→ PROBLEM DESCRIPTION:
Output the complete listing exactly, please, and keep the pictures out of it.

→ SUPPLIED DATA:
++++

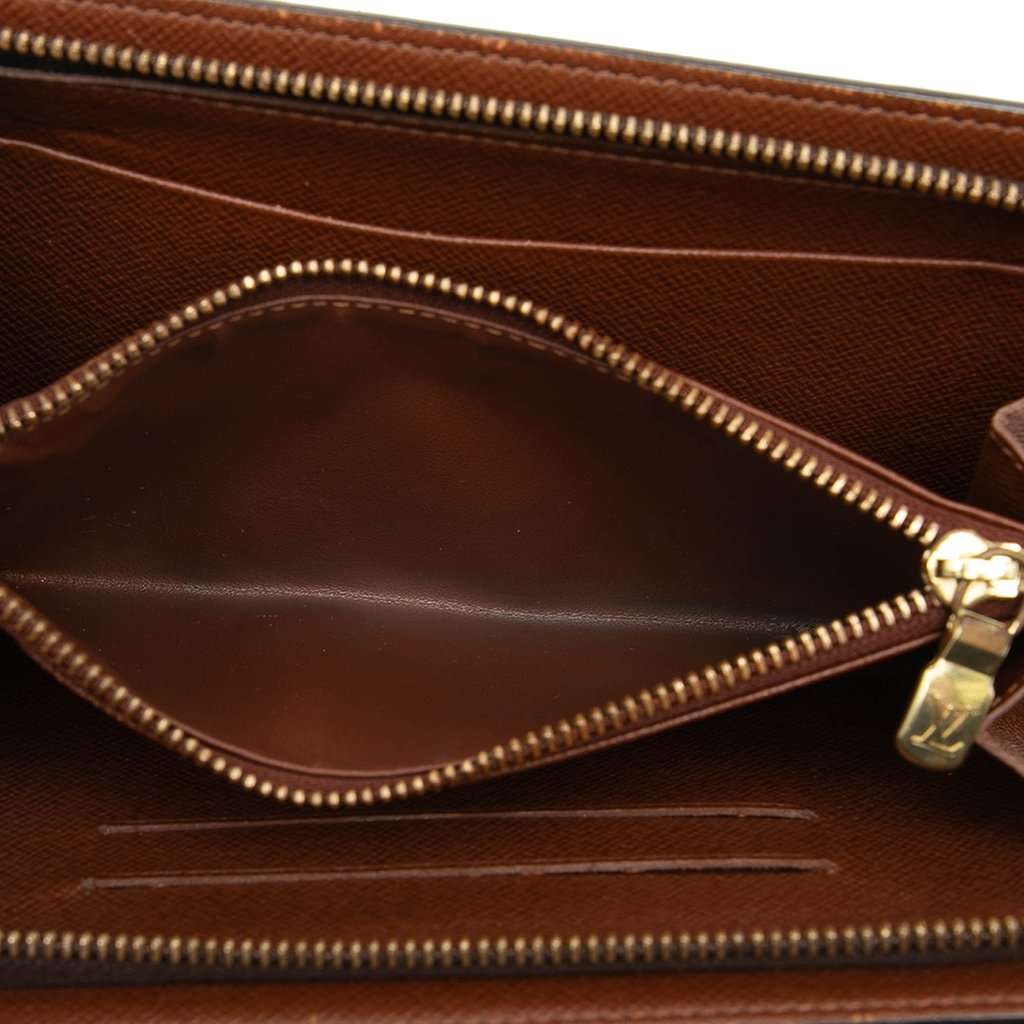 Louis Vuitton Monogram Porte Monnaie Zippy Long Wallet Brown Very good condition - Model View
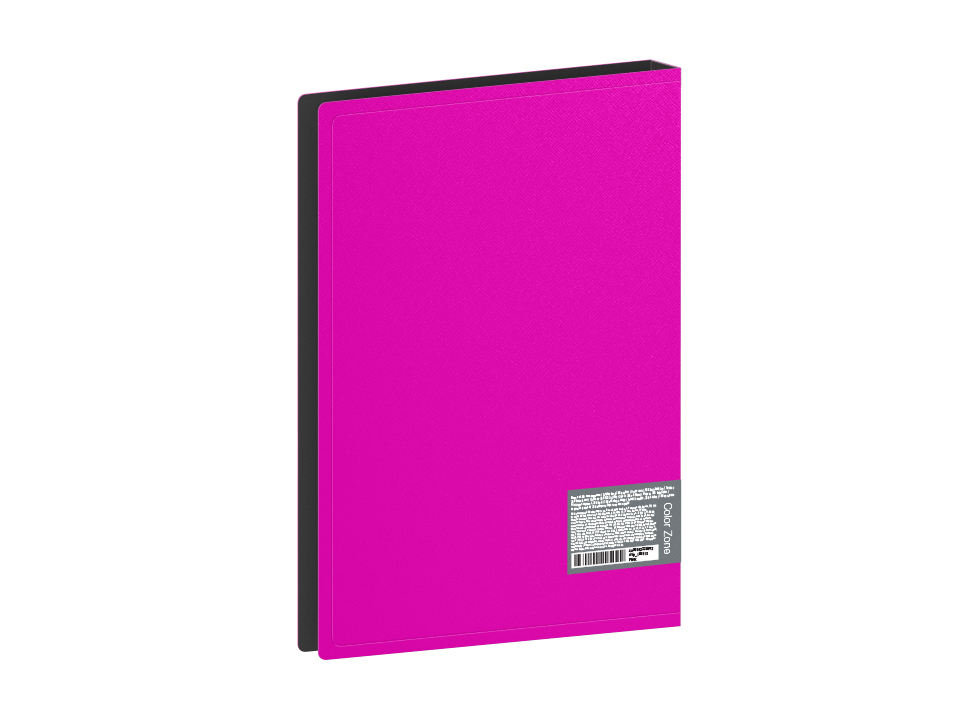 Папка со 100 вкладышами Berlingo "Color Zone", 30мм, 1000мкм, розовая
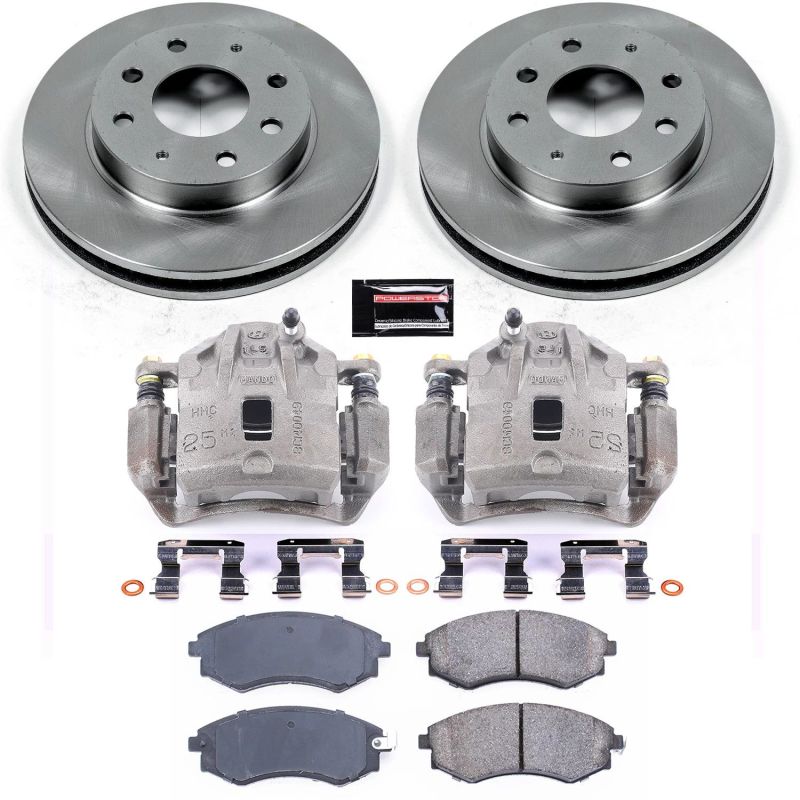 PSB Autospecialty Kit w/Cals - Power Stop 99-01 Hyundai Sonata Front Autospecialty Brake Kit w/Calipers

++++

→ SOLUTION TO THIS EXERCISE:
 Louis Vuitton Monogram Porte Monnaie Zippy Long Wallet Brown Very good condition - Model View
 Папка со 100 вкладышами Berlingo "Color Zone", 30мм, 1000мкм, розовая
 PSB Autospecialty Kit w/Cals - Power Stop 99-01 Hyundai Sonata Front Autospecialty Brake Kit w/Calipers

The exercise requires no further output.